Engineering Technology for Long Term Sustainability and Profit

MSP News

Carefully planned capital investment in an operation will improve the efficiency and effective running of a quarry to increase profit in the long term.   The best opportunities to invest capital in long term assets exist at the low point of the economic cycle .

We have all heard the story about the CEO who delivered record returns over his 4 year term.   He then handed the business to a new CEO, to whom it soon became painfully apparent that there was no investment in resources, plant and equipment.   The operation required significant capital to overhaul, resulting in the business losing its competitive edge. 

It has become increasingly evident in many quarry operations that there is insufficient expenditure on capital works programs to improve efficiency and effectiveness of the business.  All too often, capital is only approved to upgrade dilapidated plant to accommodate a new sales opportunity. 

The general ‘If it ain’t broke, don’t fix it’ attitude has reigned supreme.

An effective capital investment plan will involve carefully planned timing of maintenance to plant and equipment, which ideally should take place when there is less demand on production.    The objective is to maximise profit generation during the good times whilst developing a sustainable, low-cost base to remain competitive during the leaner times.  Quarries have this opportunity as their resource bases often have a 20-40 year sustainability.

Planning Cycles

All projects have a life cycle where plant or equipment has a finite life from the time that it is put into service until it is disposed.   Once an opportunity has been identified, a project plan is instigated and once this is executed, it follows on into the operation and maintenance through to final disposal. 

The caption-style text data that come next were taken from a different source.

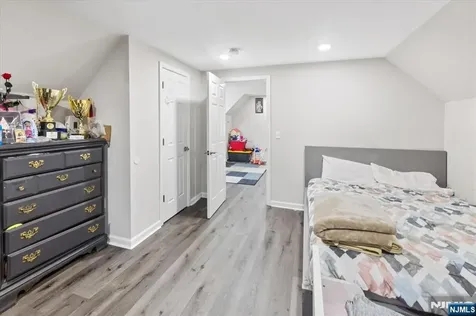 164 Parker Street Newark NJ 07104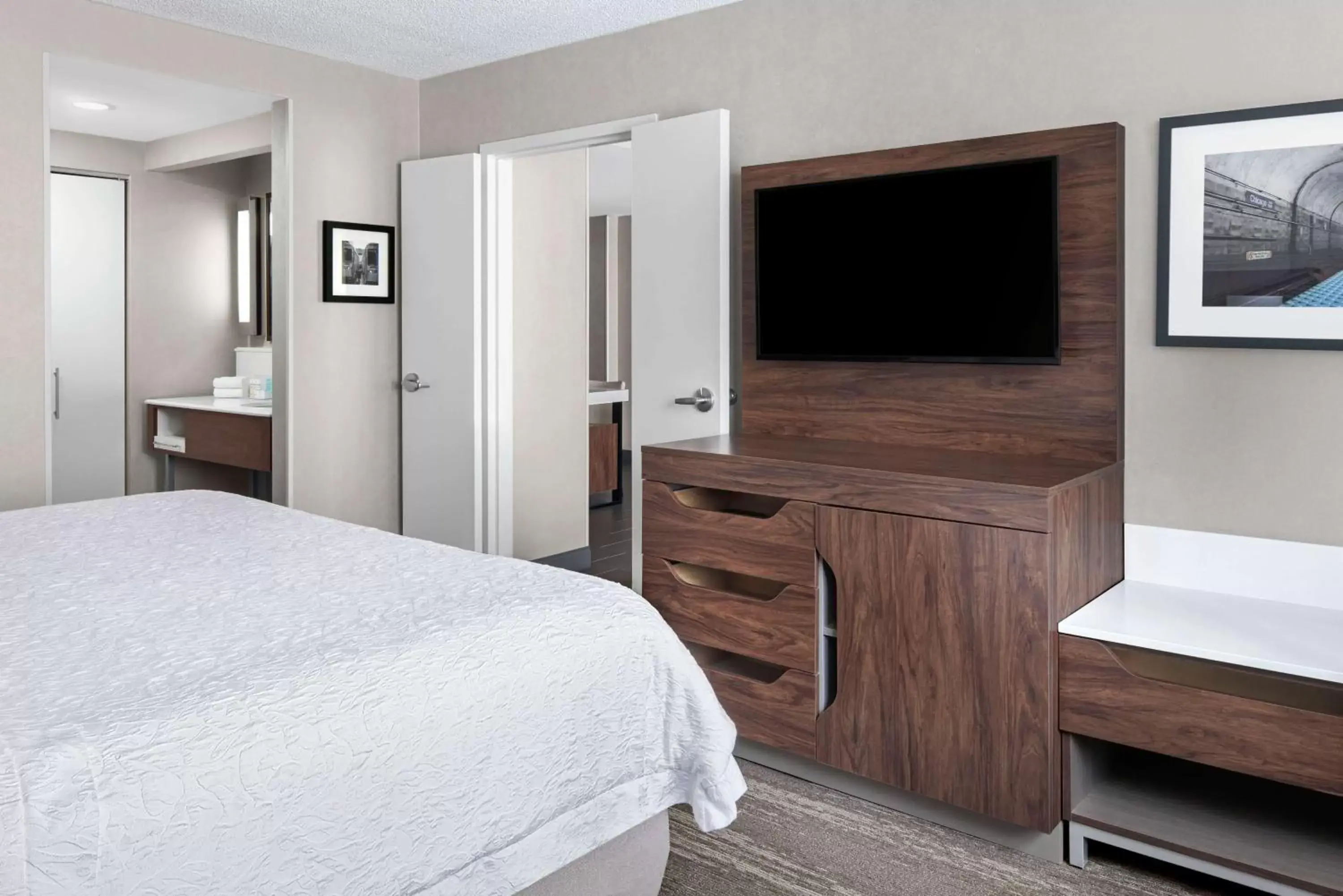 Bedroom, TV/Entertainment Center in Hampton Inn & Suites Chicago-Downtown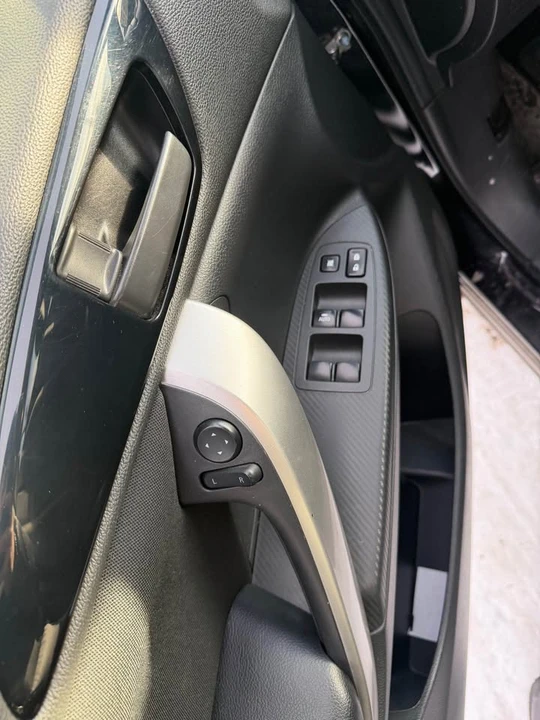 2020 Mitsubishi Eclipse Cross - Image 10 of 15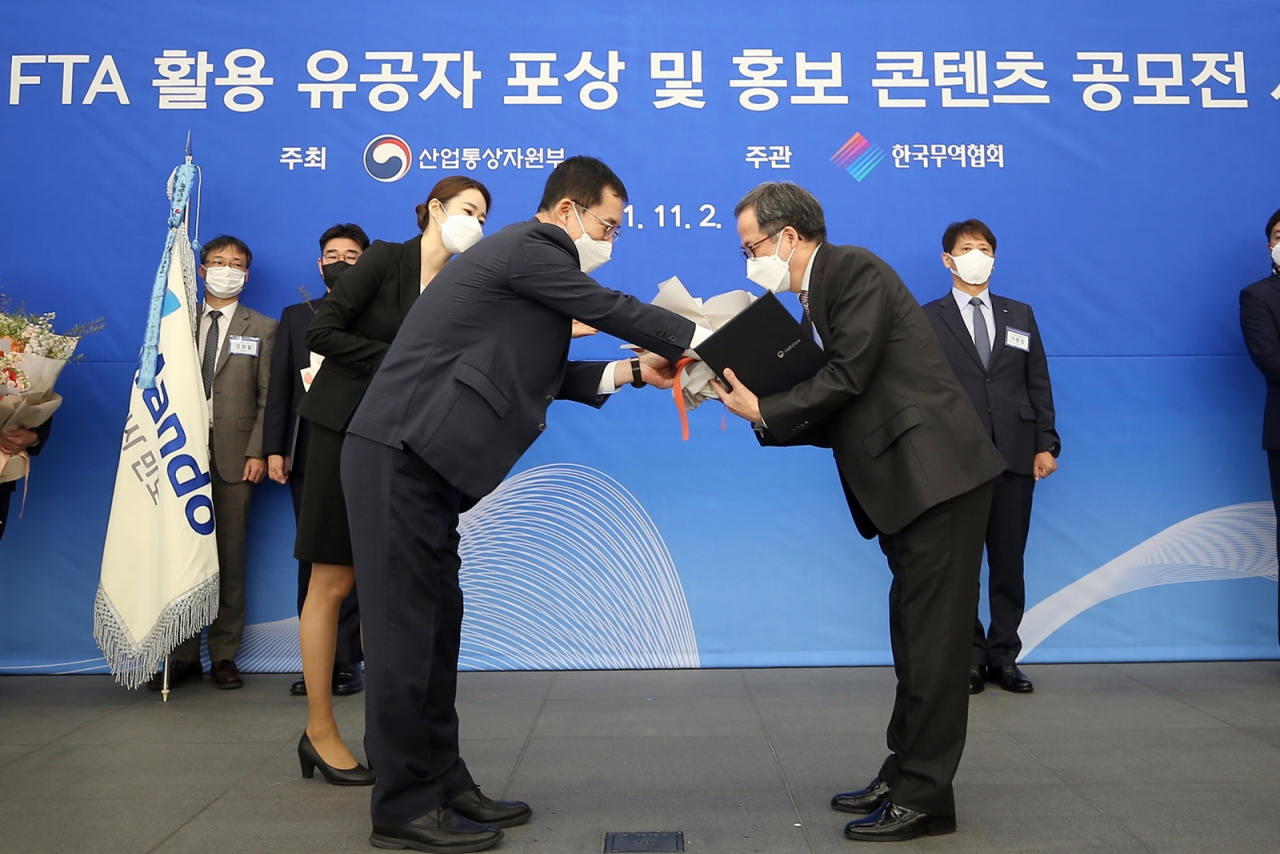 고광필 강원랜드 경영지원본부장(사진 오른쪽)이 문동민 산업부 무역투자실장으로 부터 FTA 활용 동반성장 특별유공 단체 부문 산업통상자원부장관 표창을 받고 있다.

 As can be seen in the diagram below, the product life cycle is made up of a sub-set which is the project life cycle.  This is the capital acquisition and installation.

 

Project Cycle

Within the product cycle is the project cycle. The key is planning and adopting technological advancements and following a good project cycle regime.  The chart shown above is a typical flow chart used by many of the large mining organisations to map out their planning process for small to medium projects.  Firstly, identify the objectives with the key stakeholders.  This usually starts with an opportunity with several options which need to be assessed and the scope and basic plan determined.   Then a business case is developed through conceptual studies.  If the plan is able to achieve all its goals then this should be progressed to a full feasibility study.  Throughout this process, it is important that all key stakeholders are engaged in the process and this will lead to delivery of a quality functional solution. 

Cost Commitment

 

The above graph shows a typical Lifecycle Cost Commitment.   The process in the initial planning up to the installation and commissioning of the equipment is where the greatest potential lies to influence the total cost and the greatest returns over the project life.  As a typical number for large rotating machinery, it is said that initial capital cost for the acquisition and installation is approximately 25% of the total cost but this is dependent on choices made during the acquisition process.  The lifecycle cost includes everything from acquisition, installation, operation, maintenance, conversion and/or decommissioning. 

 Total Lifecycle Costs

One of the biggest pitfalls of any acquisition is the total cost of the ownership.  The initial cost can be far smaller than the total outlay and is very dependent on those initial planning stages where the project planning and feasibility is correctly assessed. 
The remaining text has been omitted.